Bazı tepkiler vardır ki zamanlama itibariyle dışa vurmaz, kendi içinde büyür. Bazı tepkiler ise zaman-mekân tanımaz, geriye dönüşü mümkün olmayan olaylar karşısında anında yansır, karşılığını bulur. Bazen de olaylar o kadar karışık-karmaşıktır ki, nasıl ve ne şekilde tepki koyacağınızı bilemezsiniz. Ancak, şiddete dönüşmeden demokratik anlamda verilecek her tepkinin gecikmeli de olsa mutlaka bir karşılığı ve haklılığı vardır.
AKP iktidarının 14 yıllık yönetim biçimini benimseyenler kadar benimsemeyenlerin koyduğu tepkiler, 15 Temmuz akşamından itibaren farklı bir boyutta seyretmeye başladı. Eleştiri ve tepki hakları saklı kalmak kaydıyla ülkenin içine sürüklenmek istendiği ‘iç savaş’ ihtimaline karşısında tavır almak gibi bir durum çıktı ortaya.
Suriye’deki gibi ‘iç savaş’ ortamını yaşamak istemeyen toplumun tam da bu noktada PKK’den beklentisi, silahlı eylemlerini bırakması ya da ara vermesiydi. Darbe girişimi akşamı ve devamındaki birkaç gün çatışmaların olmaması, silahlı eylemlerden uzak durulması toplumun beklentilerine cevap verecek nitelikteydi. Ancak, bu devam etmedi, PKK kanadından silahlı eylemlerin yanı sıra bombalı eylemlerin şiddetlenerek devam etmesi, huzur arayan yurttaşın günlük yaşamının yanı sıra gelecekle ilgili kaygısını artırdı.

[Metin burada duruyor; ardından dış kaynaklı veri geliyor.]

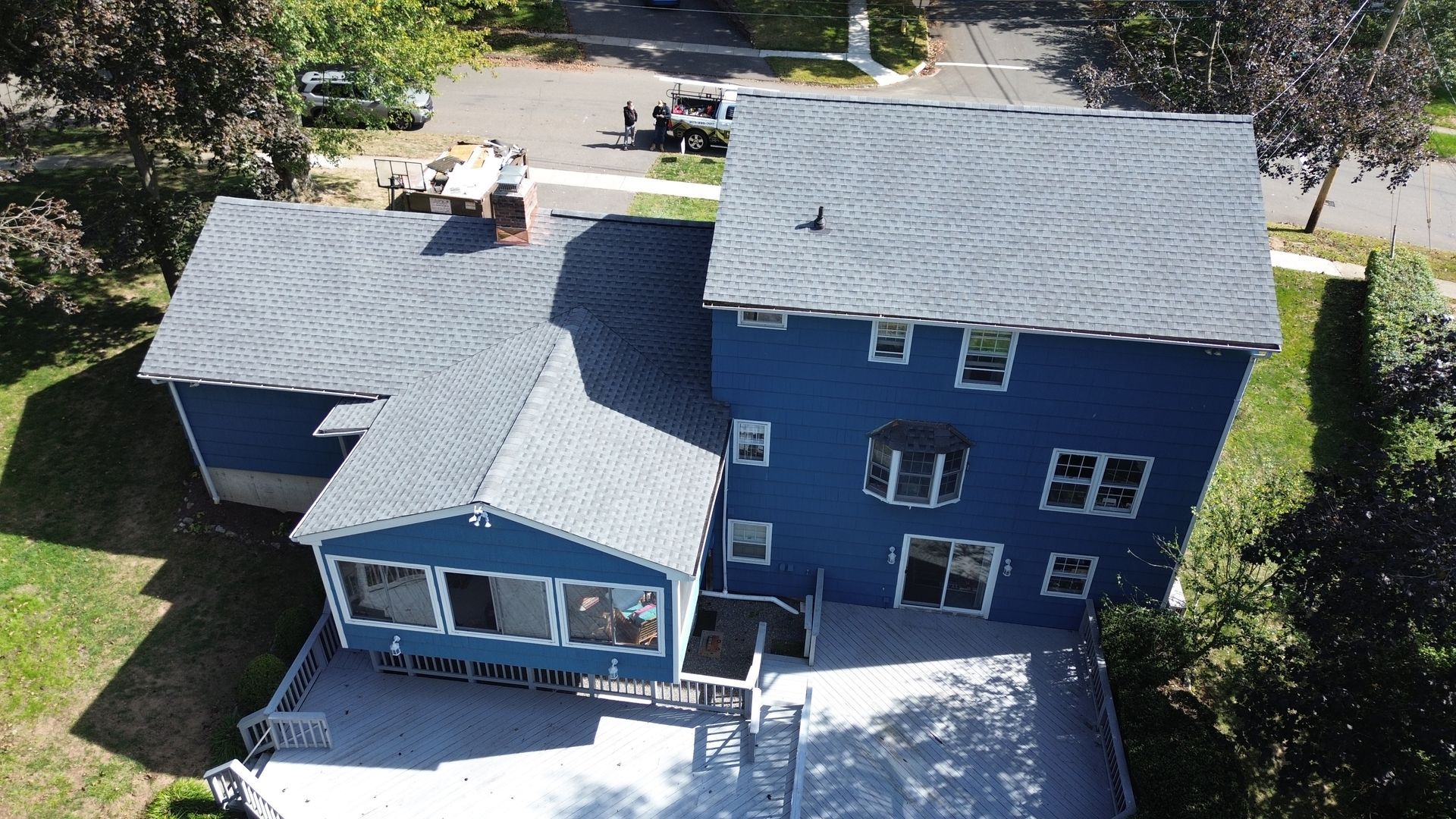 Aerial view of a blue house with gray roofs and a white driveway surrounded by trees and lawn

Özellikle son bir hafta içinde Kızıltepe ve Diyarbakır’daki bombalı eylemlere yönelik ‘iç tepki’ler çok yoğun. Bu tepkiler sadece ülkenin Batısından değil, Diyarbakır’da, Mardin’de, özetle bölgede yaşayan yurttaşların da yoğun tepkisini alıyor.

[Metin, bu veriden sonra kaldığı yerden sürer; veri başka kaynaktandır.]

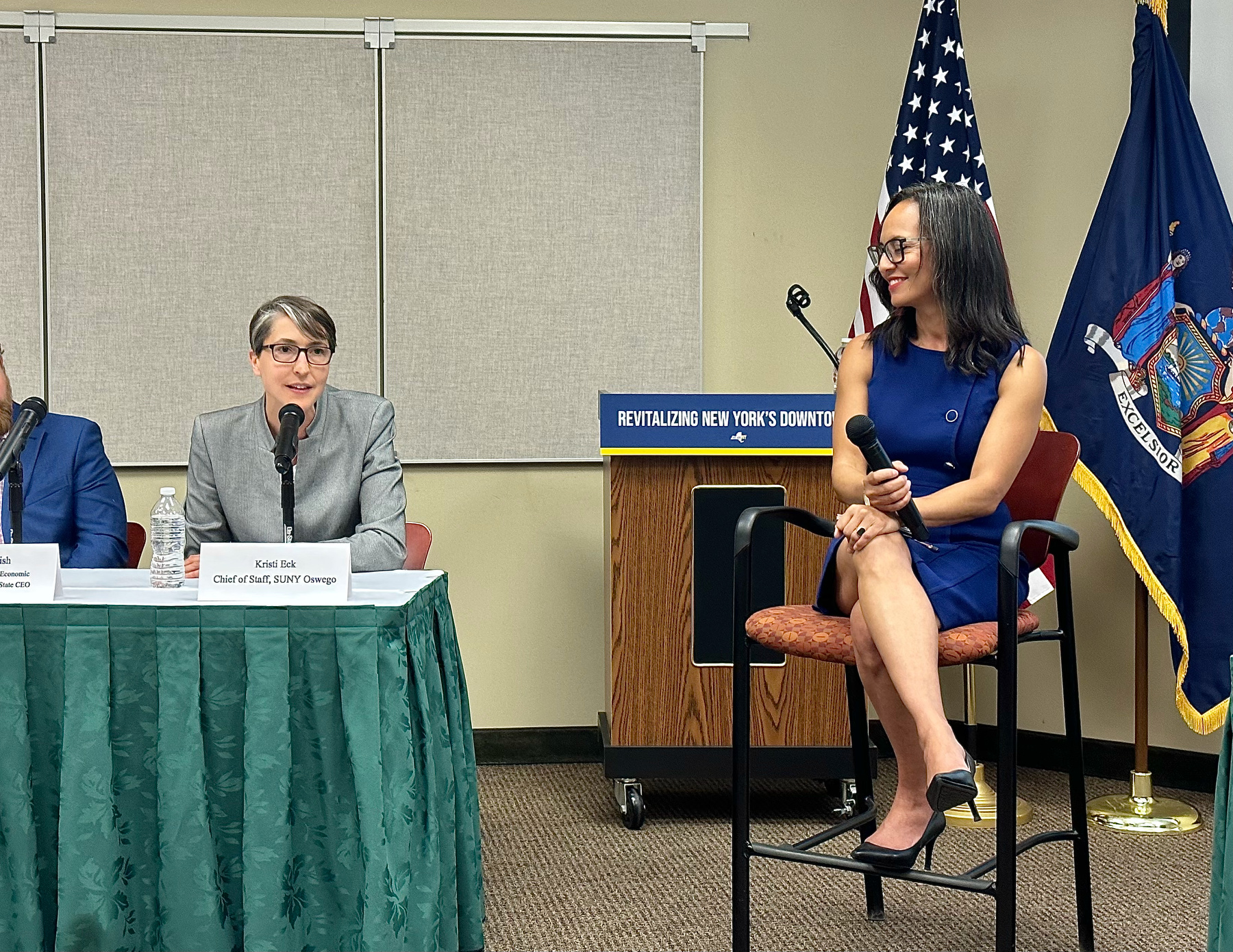 During a event at SUNY Oswego’s Syracuse Campus on July 26, Chief of Staff/Executive Director of Strategic Initiatives, External Partnerships and Legislative Affairs Kristi Eck served on a panel of partners to the Downtown Revitalization Initiative (DRI) and NY Forward programs, moderated by (at right) Deputy Secretary of State for Planning, Development and Community Infrastructure Kisha Santiago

Neden sorusunun cevabını bombayı patlatanlardan, onları organize edenlerden alamasak da, ‘İç tepki’ler, herkesin kendini muhtemel patlamaların potansiyel kurbanı olabileceği kaygısını da içinde barındırıyor.

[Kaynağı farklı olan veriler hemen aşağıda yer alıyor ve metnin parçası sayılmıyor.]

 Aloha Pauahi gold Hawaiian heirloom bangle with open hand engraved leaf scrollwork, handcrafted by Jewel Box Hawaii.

‘İç tepki’ ler, PKK’nin gerçekleştirdiği bombalı eylemlere yönelik. Vatandaş bu eylemleri kabul etmiyor, birebir görüşmelerde sert tepkilerini dile getiriyorlar. Henüz toplumsal bir tepkiye dönüşmedi, bombalı eylemlerin, ölümlerin artması halinde ‘İç tepki’ lerin dışa vurması, alanlara yansıması uzak bir ihtimal olarak görünmüyor.
Çatışma ve bombalı eylemlerin AKP iktidarının anti-demokratik uygulamalarının karşılığında geliştiğini savunanlar da var. Ancak, bu savunma toplu katliamlara meşruluk kazandırmıyor. Birilerinin anti-demokratik uygulamalarına karşı verilecek cevap, toplu katliam yöntemi değil.
Demokrasiyi, insan hak ve özgürlüklerini savunanların savunma biçimlerinin demokraside ısrar olduğu gerçeğini gözden kaçırdığımızda, ortaya ‘kan davası’ gibi bir durum çıkar ki, böyle bir durum özgürlük ve hukuk mücadelesinin dışındadır.
Özetle; Hiç kimse muhtemel bombalı bir eylemin potansiyel kurbanı olmak istemiyor.
O nedenle; ‘İç tepki’ büyük, dış tepki kapıda, alanlarda toplu açık tepkilere dönüşmek üzere.